Australia’s ABSCNews reports that Google’s drone delivery trial in the suburbs of Canberra has been met with fierce resistance by many residents.
“In the small bush suburb of Bonython on the outskirts of Canberra, residents have said firmly they don’t want it,” the news service reports. “Google’s parent company Alphabet has been testing its next revolutionary technology in their suburb, flying drones over Bonython homes to deliver coffee, burritos and medication. The year-long trial, Project Wing, wrapped up last week; now the company has set its sights on launching the world’s first commercial delivery drone operation in urban Canberra before June.
“Angry Bonython locals told a local Government inquiry the invasive drones had brought people to tears, and residents had openly confessed to police if something was not done, they would take it upon themselves to shoot the winged couriers down.”
“It is not inevitable, if the Government can be convinced that the great majority of Canberrans don’t want it,” local Neville Sheather said. He heads up Bonython Against Drones, a group that contends no amount of regulation would ease their privacy, safety and noise concerns.

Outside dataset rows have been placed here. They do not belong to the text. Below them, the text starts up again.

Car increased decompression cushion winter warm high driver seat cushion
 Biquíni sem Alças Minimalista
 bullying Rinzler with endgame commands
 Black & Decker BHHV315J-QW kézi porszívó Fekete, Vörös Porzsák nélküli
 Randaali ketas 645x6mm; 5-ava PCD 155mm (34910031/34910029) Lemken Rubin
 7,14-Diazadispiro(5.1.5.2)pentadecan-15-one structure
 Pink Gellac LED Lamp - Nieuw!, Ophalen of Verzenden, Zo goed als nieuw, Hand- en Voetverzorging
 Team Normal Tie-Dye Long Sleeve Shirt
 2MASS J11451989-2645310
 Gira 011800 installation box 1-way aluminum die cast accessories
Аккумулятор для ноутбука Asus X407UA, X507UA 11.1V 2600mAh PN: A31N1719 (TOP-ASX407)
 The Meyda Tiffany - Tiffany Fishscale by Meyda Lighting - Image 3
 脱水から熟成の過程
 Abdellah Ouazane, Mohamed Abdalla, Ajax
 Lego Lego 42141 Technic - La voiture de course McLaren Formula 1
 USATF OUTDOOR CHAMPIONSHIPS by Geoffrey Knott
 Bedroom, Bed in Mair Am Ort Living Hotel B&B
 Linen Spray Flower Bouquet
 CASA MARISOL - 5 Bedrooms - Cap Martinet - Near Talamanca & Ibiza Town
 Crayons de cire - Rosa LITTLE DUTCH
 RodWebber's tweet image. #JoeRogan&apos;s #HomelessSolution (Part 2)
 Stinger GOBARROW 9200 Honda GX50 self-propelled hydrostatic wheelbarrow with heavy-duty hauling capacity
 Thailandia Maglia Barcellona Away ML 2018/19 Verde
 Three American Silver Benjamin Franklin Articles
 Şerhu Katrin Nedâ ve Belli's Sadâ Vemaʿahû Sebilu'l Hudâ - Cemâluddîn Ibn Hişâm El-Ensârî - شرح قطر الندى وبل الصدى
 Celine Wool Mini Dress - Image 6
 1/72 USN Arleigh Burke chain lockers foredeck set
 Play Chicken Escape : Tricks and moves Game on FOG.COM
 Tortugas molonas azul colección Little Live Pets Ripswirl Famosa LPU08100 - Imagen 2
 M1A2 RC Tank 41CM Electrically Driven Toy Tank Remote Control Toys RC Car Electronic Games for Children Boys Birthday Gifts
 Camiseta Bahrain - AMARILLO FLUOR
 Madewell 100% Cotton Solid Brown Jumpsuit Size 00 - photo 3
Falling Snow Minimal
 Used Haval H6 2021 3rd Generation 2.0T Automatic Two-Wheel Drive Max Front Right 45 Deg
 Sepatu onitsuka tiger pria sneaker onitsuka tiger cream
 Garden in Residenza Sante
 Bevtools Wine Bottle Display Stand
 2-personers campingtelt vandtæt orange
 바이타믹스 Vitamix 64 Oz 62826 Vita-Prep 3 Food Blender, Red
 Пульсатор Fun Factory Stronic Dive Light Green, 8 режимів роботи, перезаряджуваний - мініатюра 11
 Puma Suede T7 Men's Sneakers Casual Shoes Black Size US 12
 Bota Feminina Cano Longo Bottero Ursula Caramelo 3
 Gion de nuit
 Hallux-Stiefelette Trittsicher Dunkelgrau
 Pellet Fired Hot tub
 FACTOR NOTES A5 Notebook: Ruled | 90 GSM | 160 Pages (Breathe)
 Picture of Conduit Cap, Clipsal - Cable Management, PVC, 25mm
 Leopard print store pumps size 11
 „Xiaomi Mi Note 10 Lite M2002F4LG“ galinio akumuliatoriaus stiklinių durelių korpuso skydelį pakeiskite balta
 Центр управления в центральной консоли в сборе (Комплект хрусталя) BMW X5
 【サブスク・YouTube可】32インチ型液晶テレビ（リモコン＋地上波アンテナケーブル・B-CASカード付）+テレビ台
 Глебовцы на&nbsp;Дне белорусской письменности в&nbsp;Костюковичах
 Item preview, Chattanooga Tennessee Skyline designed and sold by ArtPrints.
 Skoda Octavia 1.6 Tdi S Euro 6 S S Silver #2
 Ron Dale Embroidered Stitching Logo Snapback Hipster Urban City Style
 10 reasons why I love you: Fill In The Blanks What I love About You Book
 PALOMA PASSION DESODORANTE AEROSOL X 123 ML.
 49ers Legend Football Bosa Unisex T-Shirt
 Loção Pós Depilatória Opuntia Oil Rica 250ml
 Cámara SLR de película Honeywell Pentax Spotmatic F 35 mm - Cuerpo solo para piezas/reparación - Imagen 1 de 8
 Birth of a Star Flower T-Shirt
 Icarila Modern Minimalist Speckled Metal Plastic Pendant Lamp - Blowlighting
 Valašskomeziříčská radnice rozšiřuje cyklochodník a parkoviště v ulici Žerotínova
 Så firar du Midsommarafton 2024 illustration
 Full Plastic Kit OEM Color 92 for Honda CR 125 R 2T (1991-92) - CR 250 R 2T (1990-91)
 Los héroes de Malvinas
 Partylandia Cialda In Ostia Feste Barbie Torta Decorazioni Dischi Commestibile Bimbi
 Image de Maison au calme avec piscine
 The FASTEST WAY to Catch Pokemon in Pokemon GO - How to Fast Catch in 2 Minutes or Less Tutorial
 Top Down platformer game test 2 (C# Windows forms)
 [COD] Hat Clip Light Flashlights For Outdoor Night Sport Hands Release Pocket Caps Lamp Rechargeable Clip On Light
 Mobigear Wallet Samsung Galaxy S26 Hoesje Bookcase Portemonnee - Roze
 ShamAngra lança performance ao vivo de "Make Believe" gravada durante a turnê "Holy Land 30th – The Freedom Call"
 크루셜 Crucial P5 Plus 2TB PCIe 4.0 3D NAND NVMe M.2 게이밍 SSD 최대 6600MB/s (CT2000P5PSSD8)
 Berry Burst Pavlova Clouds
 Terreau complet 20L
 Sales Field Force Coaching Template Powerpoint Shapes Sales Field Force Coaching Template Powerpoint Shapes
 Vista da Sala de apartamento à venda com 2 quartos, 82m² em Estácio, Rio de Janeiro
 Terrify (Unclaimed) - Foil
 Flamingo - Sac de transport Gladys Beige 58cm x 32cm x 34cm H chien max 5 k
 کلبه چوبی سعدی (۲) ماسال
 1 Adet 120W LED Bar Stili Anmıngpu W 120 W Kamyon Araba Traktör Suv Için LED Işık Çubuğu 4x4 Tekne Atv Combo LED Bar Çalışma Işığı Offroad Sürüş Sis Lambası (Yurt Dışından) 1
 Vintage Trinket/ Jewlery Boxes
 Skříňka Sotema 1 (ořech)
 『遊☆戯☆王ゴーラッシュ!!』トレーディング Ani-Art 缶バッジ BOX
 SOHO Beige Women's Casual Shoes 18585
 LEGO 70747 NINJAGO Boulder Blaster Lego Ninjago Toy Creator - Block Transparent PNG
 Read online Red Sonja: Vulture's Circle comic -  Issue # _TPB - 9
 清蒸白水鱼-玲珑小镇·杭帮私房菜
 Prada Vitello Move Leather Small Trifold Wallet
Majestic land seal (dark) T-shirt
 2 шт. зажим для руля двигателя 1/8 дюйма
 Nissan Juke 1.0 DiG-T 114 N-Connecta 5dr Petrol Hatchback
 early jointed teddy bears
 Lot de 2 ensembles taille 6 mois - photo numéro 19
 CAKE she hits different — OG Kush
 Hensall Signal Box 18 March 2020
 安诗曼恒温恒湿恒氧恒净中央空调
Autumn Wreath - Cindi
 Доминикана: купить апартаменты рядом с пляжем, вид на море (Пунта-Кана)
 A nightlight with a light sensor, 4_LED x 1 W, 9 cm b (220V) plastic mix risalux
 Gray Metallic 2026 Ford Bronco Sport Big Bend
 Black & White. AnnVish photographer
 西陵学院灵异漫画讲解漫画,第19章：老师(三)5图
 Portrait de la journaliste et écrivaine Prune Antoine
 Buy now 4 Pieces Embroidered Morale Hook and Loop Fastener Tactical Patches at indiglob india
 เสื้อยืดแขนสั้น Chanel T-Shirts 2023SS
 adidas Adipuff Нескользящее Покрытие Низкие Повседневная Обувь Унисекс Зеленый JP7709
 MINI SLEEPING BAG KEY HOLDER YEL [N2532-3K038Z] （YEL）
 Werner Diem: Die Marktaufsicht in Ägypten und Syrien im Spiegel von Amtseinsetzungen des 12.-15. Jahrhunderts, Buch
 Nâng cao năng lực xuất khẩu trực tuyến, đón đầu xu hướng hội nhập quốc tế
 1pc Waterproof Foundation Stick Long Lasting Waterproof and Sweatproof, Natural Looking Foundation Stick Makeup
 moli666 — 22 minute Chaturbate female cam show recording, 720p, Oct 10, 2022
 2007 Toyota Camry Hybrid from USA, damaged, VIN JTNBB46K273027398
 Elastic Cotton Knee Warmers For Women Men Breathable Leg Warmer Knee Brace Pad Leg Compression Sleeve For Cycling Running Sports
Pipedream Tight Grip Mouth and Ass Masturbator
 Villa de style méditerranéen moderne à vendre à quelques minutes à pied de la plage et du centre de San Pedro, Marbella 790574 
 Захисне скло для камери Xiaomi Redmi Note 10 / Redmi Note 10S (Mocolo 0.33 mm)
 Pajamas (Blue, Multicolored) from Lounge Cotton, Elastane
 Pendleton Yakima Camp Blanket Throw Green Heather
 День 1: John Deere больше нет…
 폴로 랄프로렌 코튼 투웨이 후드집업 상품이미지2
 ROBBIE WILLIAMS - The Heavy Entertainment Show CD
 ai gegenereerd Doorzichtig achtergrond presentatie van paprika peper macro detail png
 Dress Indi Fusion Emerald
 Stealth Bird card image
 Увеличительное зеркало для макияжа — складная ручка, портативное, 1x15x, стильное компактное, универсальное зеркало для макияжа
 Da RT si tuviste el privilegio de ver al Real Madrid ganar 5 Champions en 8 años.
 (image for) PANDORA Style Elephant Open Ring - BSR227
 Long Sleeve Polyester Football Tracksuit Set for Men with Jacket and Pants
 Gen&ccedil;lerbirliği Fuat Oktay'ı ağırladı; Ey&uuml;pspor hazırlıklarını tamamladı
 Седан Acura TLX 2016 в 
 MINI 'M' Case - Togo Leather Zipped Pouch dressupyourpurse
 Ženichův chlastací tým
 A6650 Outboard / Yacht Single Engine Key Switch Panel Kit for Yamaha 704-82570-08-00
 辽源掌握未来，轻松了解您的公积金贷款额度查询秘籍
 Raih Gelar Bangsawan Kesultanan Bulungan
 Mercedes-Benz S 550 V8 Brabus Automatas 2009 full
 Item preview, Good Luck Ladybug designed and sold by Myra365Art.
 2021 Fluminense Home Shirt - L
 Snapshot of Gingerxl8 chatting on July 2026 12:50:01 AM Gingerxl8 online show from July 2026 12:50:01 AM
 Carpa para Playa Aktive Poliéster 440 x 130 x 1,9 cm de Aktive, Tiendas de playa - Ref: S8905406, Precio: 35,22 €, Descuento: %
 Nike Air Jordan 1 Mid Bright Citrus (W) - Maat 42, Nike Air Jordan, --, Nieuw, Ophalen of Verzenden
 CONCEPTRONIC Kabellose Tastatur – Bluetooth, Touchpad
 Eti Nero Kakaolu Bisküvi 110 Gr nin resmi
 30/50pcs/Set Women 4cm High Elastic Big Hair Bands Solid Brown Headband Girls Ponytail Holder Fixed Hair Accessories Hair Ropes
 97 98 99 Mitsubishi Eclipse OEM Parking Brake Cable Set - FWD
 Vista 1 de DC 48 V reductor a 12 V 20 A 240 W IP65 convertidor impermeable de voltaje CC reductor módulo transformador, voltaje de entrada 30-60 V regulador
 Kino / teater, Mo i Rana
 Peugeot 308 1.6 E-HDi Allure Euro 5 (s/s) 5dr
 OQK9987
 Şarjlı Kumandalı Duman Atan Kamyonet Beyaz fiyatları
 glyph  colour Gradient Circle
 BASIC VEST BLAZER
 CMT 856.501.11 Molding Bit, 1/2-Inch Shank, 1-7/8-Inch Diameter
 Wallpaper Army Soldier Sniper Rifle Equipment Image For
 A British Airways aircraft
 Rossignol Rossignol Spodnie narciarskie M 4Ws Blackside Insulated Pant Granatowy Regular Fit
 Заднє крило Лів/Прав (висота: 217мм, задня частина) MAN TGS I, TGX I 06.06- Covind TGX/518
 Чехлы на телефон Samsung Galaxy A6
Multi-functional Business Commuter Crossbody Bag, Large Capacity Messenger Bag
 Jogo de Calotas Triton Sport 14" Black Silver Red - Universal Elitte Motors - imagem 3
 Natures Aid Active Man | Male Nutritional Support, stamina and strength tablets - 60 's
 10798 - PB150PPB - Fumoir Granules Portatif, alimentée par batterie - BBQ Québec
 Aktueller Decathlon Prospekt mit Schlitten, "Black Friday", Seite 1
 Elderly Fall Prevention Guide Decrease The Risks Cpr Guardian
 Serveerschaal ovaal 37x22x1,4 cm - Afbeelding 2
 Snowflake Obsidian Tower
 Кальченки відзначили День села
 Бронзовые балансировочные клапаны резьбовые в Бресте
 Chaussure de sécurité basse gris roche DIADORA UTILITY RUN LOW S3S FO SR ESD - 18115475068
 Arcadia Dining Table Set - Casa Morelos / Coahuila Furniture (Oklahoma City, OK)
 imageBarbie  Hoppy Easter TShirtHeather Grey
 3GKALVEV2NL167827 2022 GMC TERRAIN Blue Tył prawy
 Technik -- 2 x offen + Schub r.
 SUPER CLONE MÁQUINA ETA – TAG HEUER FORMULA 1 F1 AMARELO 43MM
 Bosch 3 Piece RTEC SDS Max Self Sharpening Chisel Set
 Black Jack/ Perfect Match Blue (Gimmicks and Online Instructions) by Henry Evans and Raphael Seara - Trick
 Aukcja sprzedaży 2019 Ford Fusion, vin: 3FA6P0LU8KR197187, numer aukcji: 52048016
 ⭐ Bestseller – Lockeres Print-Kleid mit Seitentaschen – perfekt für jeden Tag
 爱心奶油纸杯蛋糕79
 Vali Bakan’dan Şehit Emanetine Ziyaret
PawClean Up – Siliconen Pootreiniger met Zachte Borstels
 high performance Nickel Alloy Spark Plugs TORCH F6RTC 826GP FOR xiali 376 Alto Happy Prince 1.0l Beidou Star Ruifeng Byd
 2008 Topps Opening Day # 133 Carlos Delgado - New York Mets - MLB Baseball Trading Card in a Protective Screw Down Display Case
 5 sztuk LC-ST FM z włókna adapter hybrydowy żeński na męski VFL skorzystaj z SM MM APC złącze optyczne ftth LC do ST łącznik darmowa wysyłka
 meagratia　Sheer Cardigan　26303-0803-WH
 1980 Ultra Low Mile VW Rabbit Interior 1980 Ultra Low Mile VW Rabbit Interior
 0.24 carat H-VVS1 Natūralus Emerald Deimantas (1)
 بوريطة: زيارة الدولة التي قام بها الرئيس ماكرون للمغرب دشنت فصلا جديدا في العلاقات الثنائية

The news service reports that even proponents of drones, like technologist Professor Roger Clarke, have argued the project had taken flight too fast. “We’ve got to get the different segments of the public represented in these discussions, and they haven’t been,” Professor Clarke said.
Local government agencies have reportedly had serious concerns about the lack of research surrounding drones — in particular, how Project Wing’s drones could impact wildlife. In reply, Project Wing said it had adapted its technology after complaints in Bonython – it had developed a new drone that was almost half as loud and far-lower pitched, meaning it could much more easily blend in with urban background noise. The company said it recorded no safety incidents throughout its trial.